Kayyım atanmasının nedenini çok iyi biliyoruz. 40 yıldır devam eden ve kanayan yaramız olan, Türkiye’nin demokratikleşmesinin önündeki en büyük engellerden biri olan Kürt sorunu siyasal diyalogla barış ve demokrasi zemininde çözülmediği sürece Türkiye’de ne işçiler ne emekçiler ne kadınlar ne gençler, yani bizler Türkiye halkları olarak, bu ülkenin Kürt’üyle, Türk’üyle, Arap’ıyla, Lazı’yla, Çerkes’iyle beraber özgürleşemeyeceğiz.
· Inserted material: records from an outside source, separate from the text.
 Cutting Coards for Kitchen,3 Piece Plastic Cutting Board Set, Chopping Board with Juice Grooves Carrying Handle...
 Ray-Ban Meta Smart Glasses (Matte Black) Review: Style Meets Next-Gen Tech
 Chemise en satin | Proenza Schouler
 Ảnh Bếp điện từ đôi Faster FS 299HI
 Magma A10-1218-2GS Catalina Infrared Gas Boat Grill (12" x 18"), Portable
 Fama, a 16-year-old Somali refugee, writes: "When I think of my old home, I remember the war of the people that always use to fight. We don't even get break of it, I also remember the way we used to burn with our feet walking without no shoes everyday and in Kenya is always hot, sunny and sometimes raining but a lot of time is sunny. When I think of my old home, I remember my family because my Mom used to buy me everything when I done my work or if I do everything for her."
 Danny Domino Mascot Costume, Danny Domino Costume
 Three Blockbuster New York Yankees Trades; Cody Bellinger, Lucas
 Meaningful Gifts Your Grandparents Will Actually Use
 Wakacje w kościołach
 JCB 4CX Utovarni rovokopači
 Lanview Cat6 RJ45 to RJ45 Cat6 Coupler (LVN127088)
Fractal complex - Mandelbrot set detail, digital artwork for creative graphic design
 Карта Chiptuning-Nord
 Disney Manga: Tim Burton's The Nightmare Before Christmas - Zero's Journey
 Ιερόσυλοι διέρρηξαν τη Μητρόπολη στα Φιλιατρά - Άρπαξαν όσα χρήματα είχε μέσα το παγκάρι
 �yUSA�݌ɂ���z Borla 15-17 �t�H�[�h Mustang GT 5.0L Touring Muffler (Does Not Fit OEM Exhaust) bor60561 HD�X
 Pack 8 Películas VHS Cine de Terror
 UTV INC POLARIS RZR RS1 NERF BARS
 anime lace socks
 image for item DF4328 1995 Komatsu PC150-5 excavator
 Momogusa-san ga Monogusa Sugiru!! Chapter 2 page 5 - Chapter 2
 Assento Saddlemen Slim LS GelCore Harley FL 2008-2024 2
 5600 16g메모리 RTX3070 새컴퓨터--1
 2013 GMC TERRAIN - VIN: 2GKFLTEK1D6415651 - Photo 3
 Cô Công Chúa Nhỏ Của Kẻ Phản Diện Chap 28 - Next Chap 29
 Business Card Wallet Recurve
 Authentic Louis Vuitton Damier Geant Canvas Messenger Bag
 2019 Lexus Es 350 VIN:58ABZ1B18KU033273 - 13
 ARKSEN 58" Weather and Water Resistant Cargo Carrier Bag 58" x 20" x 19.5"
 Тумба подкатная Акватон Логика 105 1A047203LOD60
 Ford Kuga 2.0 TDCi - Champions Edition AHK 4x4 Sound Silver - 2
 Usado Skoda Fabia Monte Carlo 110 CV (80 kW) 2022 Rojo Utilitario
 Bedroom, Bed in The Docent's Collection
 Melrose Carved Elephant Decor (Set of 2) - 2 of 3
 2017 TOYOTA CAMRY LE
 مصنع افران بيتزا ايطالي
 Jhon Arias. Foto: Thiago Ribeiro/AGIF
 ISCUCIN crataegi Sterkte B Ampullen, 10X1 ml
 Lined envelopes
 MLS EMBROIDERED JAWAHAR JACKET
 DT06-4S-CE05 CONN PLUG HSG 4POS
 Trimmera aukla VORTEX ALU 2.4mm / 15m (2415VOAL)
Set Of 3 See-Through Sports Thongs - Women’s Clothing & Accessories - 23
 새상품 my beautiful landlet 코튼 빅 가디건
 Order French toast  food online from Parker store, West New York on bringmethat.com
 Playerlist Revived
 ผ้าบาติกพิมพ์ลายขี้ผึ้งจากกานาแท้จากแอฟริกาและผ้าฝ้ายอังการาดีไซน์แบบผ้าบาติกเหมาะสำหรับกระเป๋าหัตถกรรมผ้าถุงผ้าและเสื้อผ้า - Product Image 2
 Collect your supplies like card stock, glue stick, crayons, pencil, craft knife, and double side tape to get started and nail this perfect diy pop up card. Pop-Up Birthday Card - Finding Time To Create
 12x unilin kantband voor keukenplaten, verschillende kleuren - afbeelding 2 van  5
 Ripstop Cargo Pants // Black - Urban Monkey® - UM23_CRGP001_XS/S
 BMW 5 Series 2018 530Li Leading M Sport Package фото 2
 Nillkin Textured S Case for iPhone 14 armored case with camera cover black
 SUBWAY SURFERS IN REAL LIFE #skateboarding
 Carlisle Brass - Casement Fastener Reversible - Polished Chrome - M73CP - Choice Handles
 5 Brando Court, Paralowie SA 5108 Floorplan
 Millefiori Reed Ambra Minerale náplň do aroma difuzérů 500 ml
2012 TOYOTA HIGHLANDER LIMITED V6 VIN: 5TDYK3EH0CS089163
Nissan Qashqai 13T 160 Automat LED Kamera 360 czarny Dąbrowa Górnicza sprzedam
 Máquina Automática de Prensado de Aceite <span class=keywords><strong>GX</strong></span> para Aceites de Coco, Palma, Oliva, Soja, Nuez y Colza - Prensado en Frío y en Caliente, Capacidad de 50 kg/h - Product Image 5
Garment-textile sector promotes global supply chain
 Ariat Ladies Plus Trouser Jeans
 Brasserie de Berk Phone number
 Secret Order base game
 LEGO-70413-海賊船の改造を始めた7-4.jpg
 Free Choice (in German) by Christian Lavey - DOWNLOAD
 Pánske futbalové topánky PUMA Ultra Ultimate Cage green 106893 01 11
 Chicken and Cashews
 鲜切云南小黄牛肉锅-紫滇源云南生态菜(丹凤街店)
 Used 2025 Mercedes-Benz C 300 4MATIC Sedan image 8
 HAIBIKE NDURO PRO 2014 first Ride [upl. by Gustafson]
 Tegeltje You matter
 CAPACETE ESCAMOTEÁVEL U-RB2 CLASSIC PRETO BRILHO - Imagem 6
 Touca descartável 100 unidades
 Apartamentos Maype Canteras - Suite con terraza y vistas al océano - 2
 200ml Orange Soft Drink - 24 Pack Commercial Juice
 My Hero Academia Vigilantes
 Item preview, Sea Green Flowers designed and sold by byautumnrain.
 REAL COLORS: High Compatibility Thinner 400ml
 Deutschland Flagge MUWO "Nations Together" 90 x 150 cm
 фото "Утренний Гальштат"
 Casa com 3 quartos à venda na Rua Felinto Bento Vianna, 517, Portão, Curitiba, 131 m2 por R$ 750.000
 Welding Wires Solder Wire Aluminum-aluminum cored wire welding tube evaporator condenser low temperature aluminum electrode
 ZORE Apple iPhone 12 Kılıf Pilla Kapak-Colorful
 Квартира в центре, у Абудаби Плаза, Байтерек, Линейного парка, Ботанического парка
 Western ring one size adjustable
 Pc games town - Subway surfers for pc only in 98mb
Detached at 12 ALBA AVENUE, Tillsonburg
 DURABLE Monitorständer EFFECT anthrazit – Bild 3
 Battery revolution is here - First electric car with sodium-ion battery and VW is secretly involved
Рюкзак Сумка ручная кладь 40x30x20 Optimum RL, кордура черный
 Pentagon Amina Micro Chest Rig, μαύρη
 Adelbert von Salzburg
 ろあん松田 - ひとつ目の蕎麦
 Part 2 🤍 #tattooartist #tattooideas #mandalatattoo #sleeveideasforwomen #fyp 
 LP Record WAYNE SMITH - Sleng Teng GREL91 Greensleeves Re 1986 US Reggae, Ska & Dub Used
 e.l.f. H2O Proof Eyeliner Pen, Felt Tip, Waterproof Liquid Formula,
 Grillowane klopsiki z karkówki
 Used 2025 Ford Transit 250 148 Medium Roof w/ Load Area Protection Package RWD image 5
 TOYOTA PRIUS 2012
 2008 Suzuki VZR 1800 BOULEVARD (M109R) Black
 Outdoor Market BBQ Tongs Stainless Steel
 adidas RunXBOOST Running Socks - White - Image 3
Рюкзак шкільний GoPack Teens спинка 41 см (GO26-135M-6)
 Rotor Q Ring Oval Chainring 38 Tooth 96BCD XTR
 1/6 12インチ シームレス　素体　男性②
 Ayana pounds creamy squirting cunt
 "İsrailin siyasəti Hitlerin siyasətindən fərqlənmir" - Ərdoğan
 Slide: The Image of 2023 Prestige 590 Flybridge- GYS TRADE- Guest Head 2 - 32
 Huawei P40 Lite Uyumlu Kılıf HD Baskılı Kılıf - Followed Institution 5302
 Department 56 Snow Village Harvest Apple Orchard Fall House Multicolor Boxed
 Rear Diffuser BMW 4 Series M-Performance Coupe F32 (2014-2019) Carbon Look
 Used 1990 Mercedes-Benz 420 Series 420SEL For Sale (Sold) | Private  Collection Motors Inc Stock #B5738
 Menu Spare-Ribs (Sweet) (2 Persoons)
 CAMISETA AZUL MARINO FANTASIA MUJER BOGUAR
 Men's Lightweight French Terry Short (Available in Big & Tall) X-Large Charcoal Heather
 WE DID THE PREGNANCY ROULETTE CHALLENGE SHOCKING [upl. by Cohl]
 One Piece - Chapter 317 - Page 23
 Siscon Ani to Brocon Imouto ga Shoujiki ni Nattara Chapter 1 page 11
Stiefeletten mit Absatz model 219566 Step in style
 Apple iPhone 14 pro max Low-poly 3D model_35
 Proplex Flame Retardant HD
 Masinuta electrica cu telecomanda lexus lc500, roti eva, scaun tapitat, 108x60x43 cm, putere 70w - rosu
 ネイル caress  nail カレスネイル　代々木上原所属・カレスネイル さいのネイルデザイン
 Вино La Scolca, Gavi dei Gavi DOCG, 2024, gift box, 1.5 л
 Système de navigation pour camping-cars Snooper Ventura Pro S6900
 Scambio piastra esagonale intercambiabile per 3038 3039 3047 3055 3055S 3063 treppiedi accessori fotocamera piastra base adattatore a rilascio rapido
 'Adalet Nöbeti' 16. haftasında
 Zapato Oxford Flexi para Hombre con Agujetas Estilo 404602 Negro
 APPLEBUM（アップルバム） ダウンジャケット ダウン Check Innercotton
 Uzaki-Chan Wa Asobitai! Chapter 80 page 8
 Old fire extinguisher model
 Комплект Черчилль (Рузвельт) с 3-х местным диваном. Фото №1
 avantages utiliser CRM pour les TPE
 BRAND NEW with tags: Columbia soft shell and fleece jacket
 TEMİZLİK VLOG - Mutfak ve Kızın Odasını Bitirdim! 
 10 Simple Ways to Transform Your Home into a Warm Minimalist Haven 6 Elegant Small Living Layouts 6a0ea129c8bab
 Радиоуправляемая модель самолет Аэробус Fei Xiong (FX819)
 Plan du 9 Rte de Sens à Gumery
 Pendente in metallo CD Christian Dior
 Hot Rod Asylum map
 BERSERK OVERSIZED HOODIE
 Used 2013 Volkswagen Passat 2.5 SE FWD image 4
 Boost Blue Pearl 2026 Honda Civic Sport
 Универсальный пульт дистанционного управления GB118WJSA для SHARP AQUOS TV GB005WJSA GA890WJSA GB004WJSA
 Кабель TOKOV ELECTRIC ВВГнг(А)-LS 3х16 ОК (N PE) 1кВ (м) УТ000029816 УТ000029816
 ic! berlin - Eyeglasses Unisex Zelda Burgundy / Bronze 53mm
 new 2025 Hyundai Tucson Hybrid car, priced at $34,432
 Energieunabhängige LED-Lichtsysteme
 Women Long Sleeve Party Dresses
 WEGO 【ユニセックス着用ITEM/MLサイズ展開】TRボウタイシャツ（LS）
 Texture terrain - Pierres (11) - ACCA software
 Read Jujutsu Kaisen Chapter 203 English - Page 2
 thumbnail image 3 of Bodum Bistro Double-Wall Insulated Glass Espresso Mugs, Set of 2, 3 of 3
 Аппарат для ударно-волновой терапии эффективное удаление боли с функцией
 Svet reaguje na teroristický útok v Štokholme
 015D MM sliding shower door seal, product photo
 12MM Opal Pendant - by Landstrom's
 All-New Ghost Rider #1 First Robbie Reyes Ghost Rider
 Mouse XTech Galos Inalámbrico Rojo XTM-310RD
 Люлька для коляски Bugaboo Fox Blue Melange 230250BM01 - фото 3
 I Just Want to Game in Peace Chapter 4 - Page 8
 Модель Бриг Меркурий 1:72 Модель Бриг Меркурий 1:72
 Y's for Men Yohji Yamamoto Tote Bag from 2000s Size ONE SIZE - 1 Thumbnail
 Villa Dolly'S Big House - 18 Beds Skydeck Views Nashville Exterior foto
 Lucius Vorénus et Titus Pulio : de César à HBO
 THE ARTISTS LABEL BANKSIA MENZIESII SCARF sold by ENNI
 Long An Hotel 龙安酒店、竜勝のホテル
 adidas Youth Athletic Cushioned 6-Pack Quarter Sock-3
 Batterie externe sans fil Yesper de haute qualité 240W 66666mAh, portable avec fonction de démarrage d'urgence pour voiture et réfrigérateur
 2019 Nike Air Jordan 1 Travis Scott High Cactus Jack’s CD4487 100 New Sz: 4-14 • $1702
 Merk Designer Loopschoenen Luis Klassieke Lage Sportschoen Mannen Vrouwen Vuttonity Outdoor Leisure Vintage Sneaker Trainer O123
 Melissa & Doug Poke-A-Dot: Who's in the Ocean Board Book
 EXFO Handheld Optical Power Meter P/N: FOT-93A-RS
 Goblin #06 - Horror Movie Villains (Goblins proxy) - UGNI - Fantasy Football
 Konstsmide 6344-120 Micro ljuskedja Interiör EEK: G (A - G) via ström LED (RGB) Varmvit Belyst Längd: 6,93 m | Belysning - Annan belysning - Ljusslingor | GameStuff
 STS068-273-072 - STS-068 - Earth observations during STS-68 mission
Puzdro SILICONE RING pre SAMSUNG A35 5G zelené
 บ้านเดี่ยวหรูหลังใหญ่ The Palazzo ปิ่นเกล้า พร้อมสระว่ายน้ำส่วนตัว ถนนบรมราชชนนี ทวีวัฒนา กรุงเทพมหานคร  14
O yüzden Kürt sorununun barışçıl ve demokratik yöntemlerle çözülmesi için, Beyaz Tülbentli analarımızın dediği gibi, beyaz tülbentlerimiz barışın sembolü olsun. Selam olsun direnen analarımıza!

Muhalefetin kayyımla ilgili ortaya koyduğu tutum çok değerli

Hakkari’de Deniz Gezmişlerin adına yapılmış bir köprü var. Deniz Gezmiş, bu ülkede hepimizin devrimci olmasında büyük emeği olan biridir. Onun anılarıyla ve mücadele tarihiyle büyüyen bizler, bir kez daha onun sözünü tekrarlıyoruz: Yaşasın Türk ve Kürt halkının kardeşliği, yaşasın halkların kardeşliği! Bizler Deniz Gezmişlerin Mahir Çayanların, Kaypakkayaların Kıvılcımlıların, Behice Boranların, Mazlumların, Sakinelerin, Kemal Pirlerin yoldaşlarıyız. Türkiye’nin dört bir yanından devrimci sosyalist demokratik kurumların temsilcileri buradaydı. İşte Hakkari’nin anlamı budur. İşte Hakkari’de kayyıma karşı direnmenin anlamı budur. İşte halkların kardeşliğini savunmanın anlamını biz bir kez daha Denizlerden sonra burada bu sahnede hep birlikte gördük. Biz biliyoruz ki Türkiye’de muhalefetin kayyımla ilgili ortaya koyduğu tutum çok değerli. Buradan, Hakkari’den, bütün Hakkari halkı adına, bütün ezilenler ve sömürülenler adına, kayyıma karşı direnenlere sonsuz teşekkürlerimizi sunuyoruz.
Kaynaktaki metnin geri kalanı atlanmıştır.